| The
Right Mix
When and how to rebalance
By Sébastien
Page, senior managing director, State Street Associates / State
Street Global Markets
Most
institutional investors employ asset-liability optimization to determine
optimal portfolio weights. These optimizations invariably begin
decaying upon implementation as changes in asset prices drive portfolios’
component parts away from optimal targets. This process is made
more complex by the fact that different investments, in various
asset classes, move away from their optimal targets at different
speeds as their performance varies. In an idealized world—with
no transaction costs—investors would continually rebalance
to their optimal weights in real time. But because of various transaction
costs, including commissions and taxes, market impact and opportunity
costs, investors must balance the cost of portfolio suboptimality
against the cost of restoring the optimal weights.
Two suboptimal approaches
to portfolio rebalancing currently prevail in our industry—calendar-based
and tolerance-band rebalancing. The problem with calendar-based
rebalancing is that markets might shift substantially between periodic
rebalancing or, conversely, that rebalancing on a given date might
be unnecessary as assets have not drifted enough to merit the rebalancing.
Tolerance-band rebalancing
is generally thought to be an improvement over calendar-based rebalancing.
The problem with tolerance-band rebalancing is that different portfolio
components have different levels of elasticity. Certain volatile
investments might see their prices shift substantially through the
course of normal trading, while others might move less dynamically.

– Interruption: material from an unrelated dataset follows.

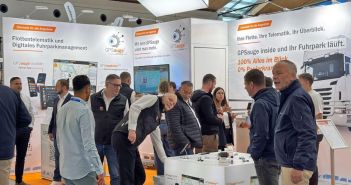 Digitale Transportmanagementlösungen ermöglichen Kosteneinsparungen durch optimierte Tourenplanung und Controlling GPSoverIP präsentiert umfassende GPSauge Telematiklösungen auf NUFAM 2025 (Foto: GPSoverIP GmbH)
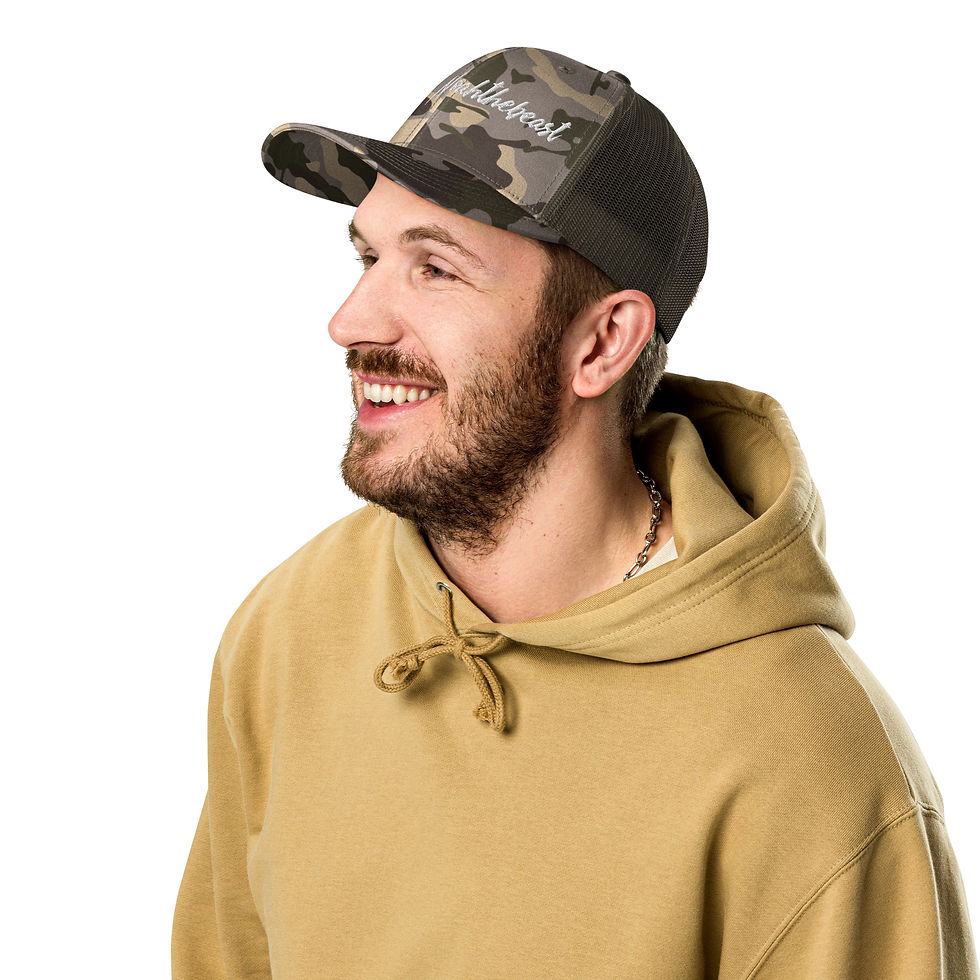 Thumbnail: Camouflage trucker hat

A 3% drift for one investment might ring alarm bells, while a 5%
drift in another might be a routine fluctuation meriting no action
whatever. As with calendar-based rebalancing, the problem is identifying
the sweet spot between tolerating and over-reacting to portfolio
drift, taking into account the impact of each over- or under-weight
position on the entire portfolio’s return-risk profile.
Mapped out
These approaches to portfolio rebalancing ignore the important fact
that decisions in the current time period will impact future decisions
and costs. An optimal rebalancing approach relies on advanced multi-period
optimization technology to minimize the total cost of maintaining
the optimal allocation. An optimal set of rebalancing rules are
generated and applied over a given time horizon. Once the algorithm
is trained, this multi-period policy is used as a roadmap that is
utilized until the assumptions used to build the optimal portfolio
change.
The construction of this
roadmap takes into account all possibilities, and determines optimal
decisions by a recursive process. While it is impossible for investors
to predict how their portfolio will drift over time, this process
works backwards through billions of scenarios to determine future
optimal decisions for each possible future portfolio state. The
probability-weighted future costs implicit in the roadmap are then
discounted, and optimized against the expected suboptimality and
transaction costs in the current period, for every possible portfolio
state, until the entire roadmap is constructed. In this way, the
optimal rebalancing roadmap indicates the course of action for every
possible portfolio state in every time period.
As might be expected,
the vast scale of this kind of scenario building requires extraordinary
mathematical and computational resources. It uses grid computing
and massive parallel processing to achieve these vast computations.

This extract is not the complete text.